Ditengah Kemarahan Internasional, Turki akan Kirim Pasukan ke Libya

 

Matamatanews.com, ANKARA—Ditengah meningkatnya kemarahan internasional atas upayanya mengajukan klaim atas luasnya Mediteriani Timur, Presiden Turki recep Tayyip Erdogan mengumumkan rencana untuk mengirimkan pasukan ke Libya.

Pemimpin Turki, yang bersekutu dengan Qatar dan jaringan Ikhwanul Muslimin,mengatakan bahwa ia akan mengajukan rancangan undang-undang ke parlemen untuk mengirim pasukan ke Libya pada awal Januari mendatang ketika negara tersebut memulai kembali bisnisnya.

Erdogan mengatakan penggelaran itu atas permintaan Pemerintah Kesepakatan Nasional Libya yang diakui-PBB pimpinan Fayez al-Sarraj, yang sedang berperang melawan pemerintah alternatif yang berbasis di kota Benghazi timur pimpinan Jenderal Khalifa Haftar.

Pernyataan itu menyusul sehari setelah Erdogan mengadakan pembicaraan dengan Kais Saied, mitra Tunisia-nya, di mana Erdogan mengatakan mereka setuju untuk mendukung pemerintahan Sarraj. Sarraj bergantung pada sejumlah besar milisi, termasuk kelompok-kelompok Islam dan teroris, yang dibentuk pada dan setelah pemberontakan 2011 terhadap diktator lama Muammar Qaddafi.

Jenderal Haftar melancarkan serangan untuk merebut ibukota Libya Tripoli pada bulan April dengan bersumpah untuk mengakhiri kekuasaan milisi yang mencakup kelompok garis keras yang terkait dengan Al Qaeda dan lainnya. Jenderal Haftar dilaporkan telah menerima dukungan dari sekutu internasional yang menentang ekstremisme dan Ikhwanul Muslimin.

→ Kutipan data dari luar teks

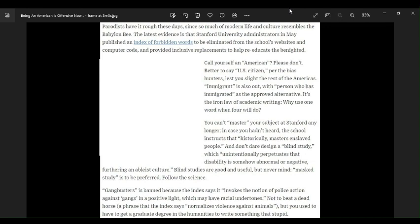The latest evidence is that Stanford University administrators in May published an index of forbidden words to be eliminated from the school's website and computer company. What the fuck? Are you fucking kidding me?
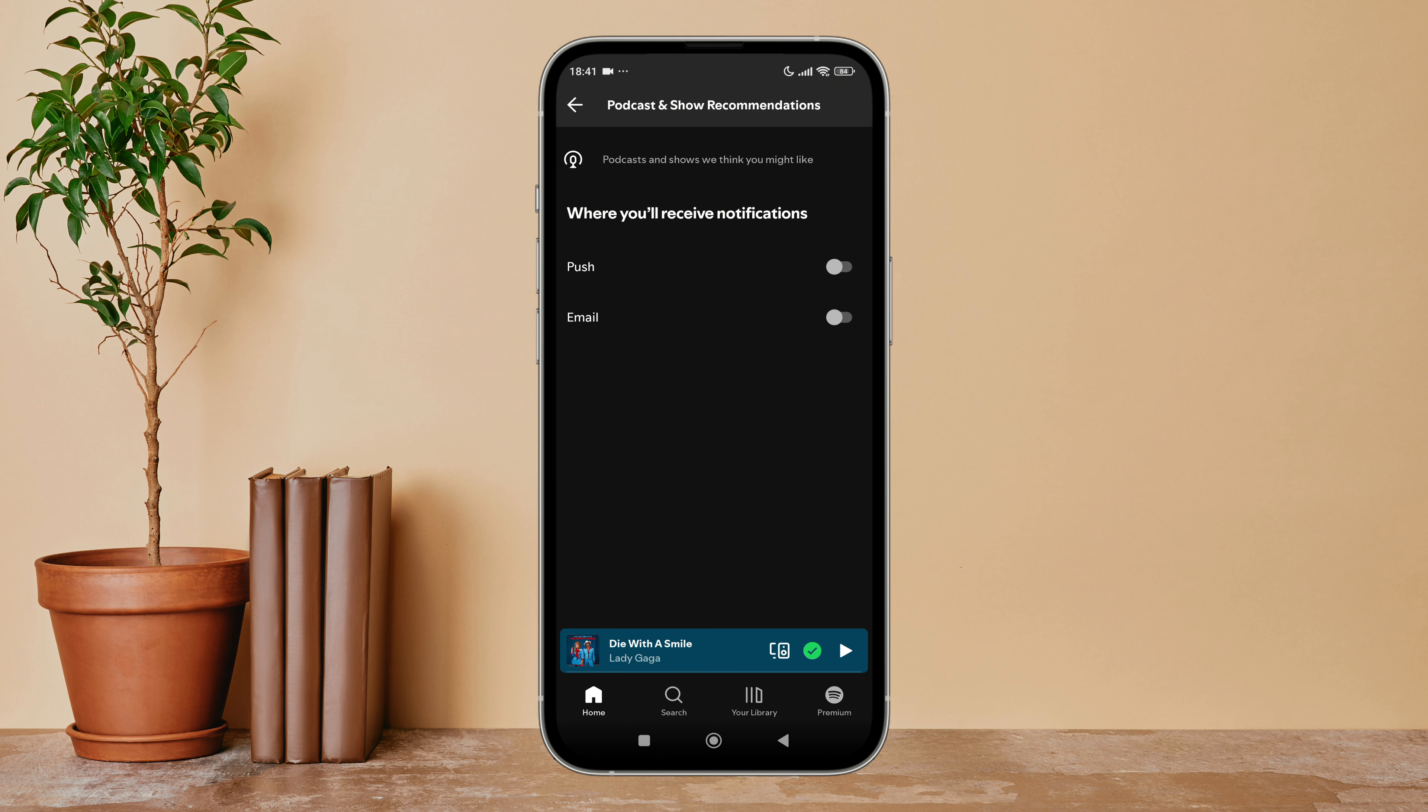So this is how you can turn off email notification of podcast and show recommendations on Spotify.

Seperti dikutip  Al Arabiya dari dari kantor berita Reuters, menurut PBB, Turki telah memasok peralatan militer untuk pasukan yang setia pada GNA, termasuk tank dan drone.

Turki menandatangani perjanjian dengan Sarraj bulan lalu yang berupaya menciptakan zona ekonomi eksklusif dari pantai Mediterania selatan Turki ke pantai timur laut Libya. Yunani dan Siprus, yang telah lama memiliki perselisihan maritim dan teritorial dengan Turki, mengatakan perjanjian itu batal dan melanggar hukum laut internasional. Mereka melihatnya sebagai perampasan sumber daya sinis yang dirancang untuk mengacaukan pengembangan gas Mediterania Timur dan mengacaukan saingan.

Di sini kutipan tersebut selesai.